CCC Fire Fighting Crew Photo Courtesy of NACCCA

They were young and did not leave much behind them and need someone to remember them.
---- Norman McLean, Young Men and Fire

(Note: August 2007 marks the 70th anniversary of the single deadliest day for Civilian Conservation Corps enrollees on the fire lines during the Great Depression: the Blackwater Fire in Wyoming's Shoshone National Forest. This editorial explores the possible reasons why the event has not received the popular and scholarly attention that other similar events have received. A detailed account of the Blackwater Fire will be posted in the near future.)

In the somewhat limited canon of forest fire history, two seminal events are taken out and dusted off every summer when the western United States is under threat of a major forest fire blowup: the Mann Gulch Fire of 1949 and the Storm King Mountain Fire of 1994. To the unenlightened, Mann Gulch and Storm King roll off the tongue like the names of long-dead jazz musicians but to historians and students of fire science they are written and spoken of with reverence. As fire history, Mann Gulch and Storm King have held their own not simply because each fire event claimed the lives of men and women who were sent to fight them. Mann Gulch and Storm King offered valuable lessons for any fire professionals willing to pay attention. Add the fact that each fire has been the subject of a book length treatment, and the rest is history as they say.

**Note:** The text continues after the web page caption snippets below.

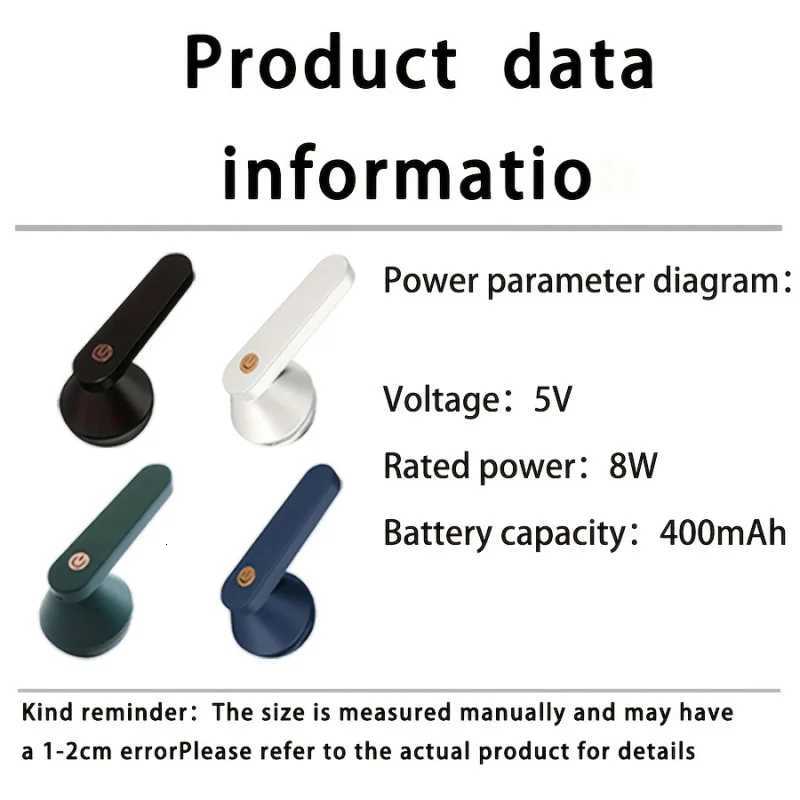 USB portable fabric shaver clothes trimmer clothes socks hair ball trimmer hair removal clothes travel essential M251203 - view 6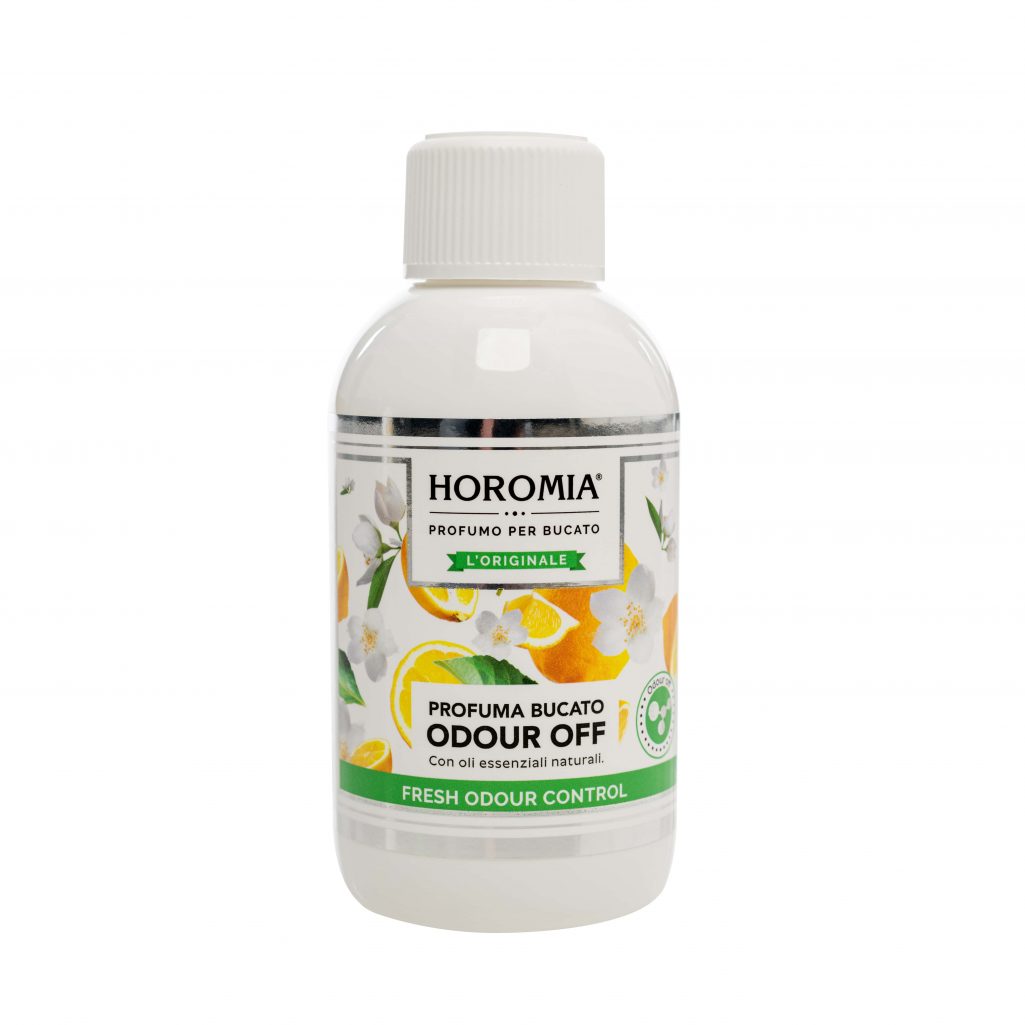 Odour Off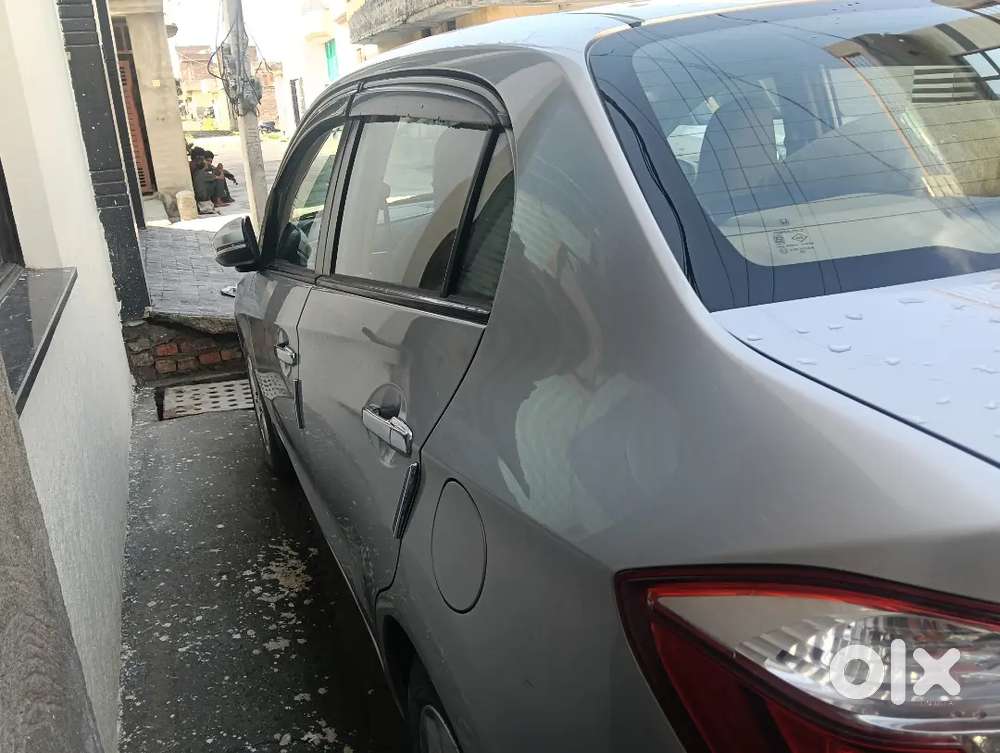 Honda Amaze Petrol 2016 Petrol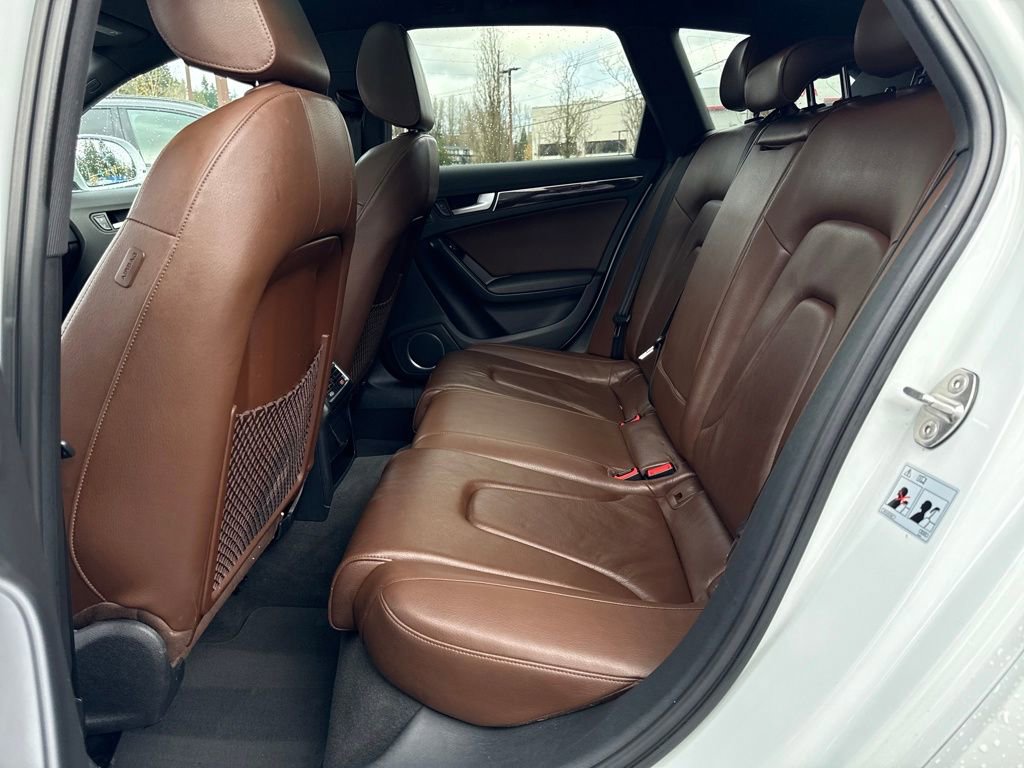 Used 2016 Audi A4 Premium Plus w/ Technology Package image 14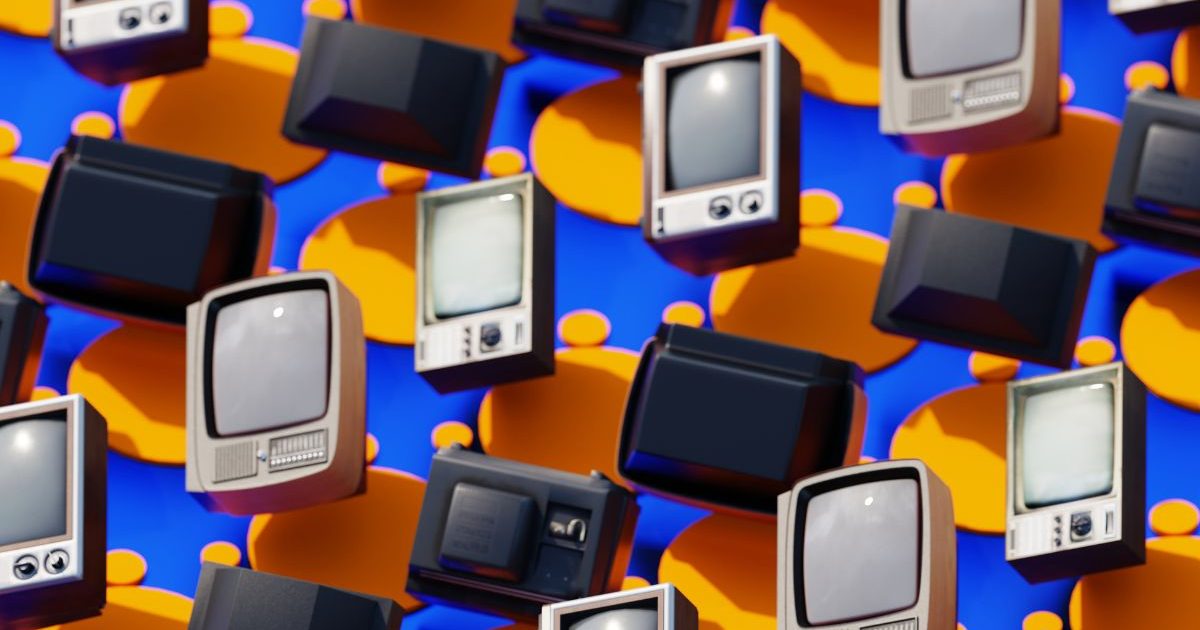 8 rules for watching TV, films and sport at home – from making second screens work to free movie nights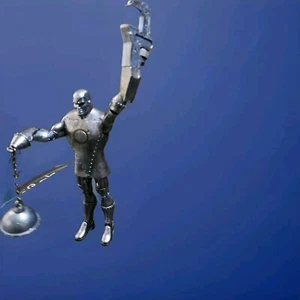 Iron Metal Men DC Universe Classics Darkseid BAF 6" Action Figure - Picture 1 of 6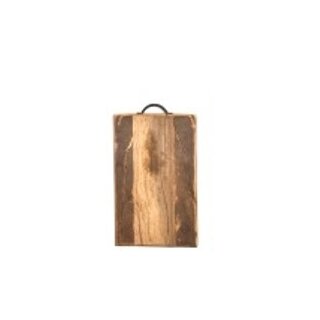 Holzbrett Hilde L
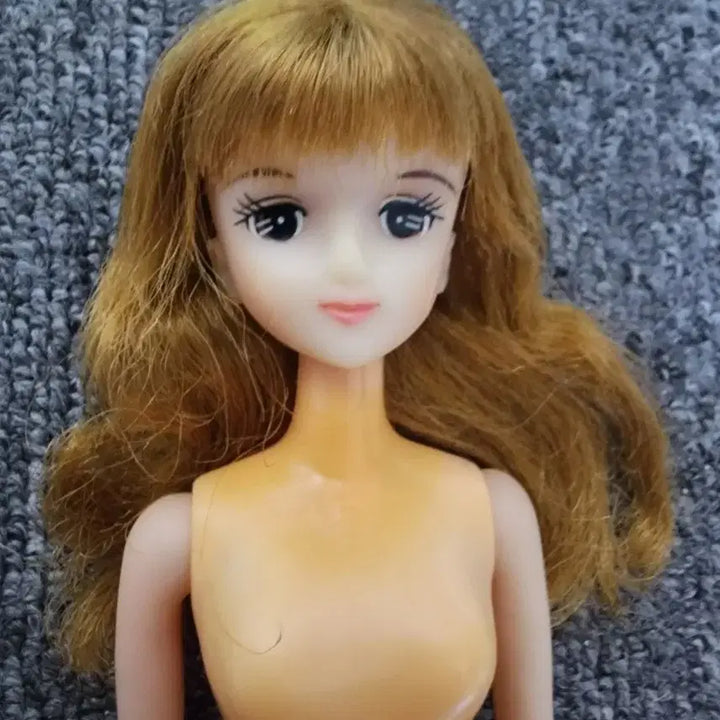 [BUNJANG] 1986 Daesung Toy Junior Mimi Doll / (1986년도 대성완구 각인) 주니어 미미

Mann Gulch and Storm King have arisen from their own smoke and ash into bright sunlight thanks to the masterful work of Norman and John MacLean, a father and son duo who transformed the events into battlefield engagements, fought by heroic professionals, and the battle’s aftermath into crackling good storytelling and a search for answers. In Young Men and Fire, the elder MacLean, in the roll of storyteller, led his readers up the steep slope of Mann Gulch with a group of fleeing smokejumpers, past their foreman’s improbable escape fire, to a gap in the rocks beyond which three would pass, but only two would survive. Their foreman lay down in the smoking remains of his escape fire and survived, as did two of the quickest smokejumpers. The rest burned where they fell, their wristwatches and personal effects blown upslope by the force of the fire’s hurricane winds.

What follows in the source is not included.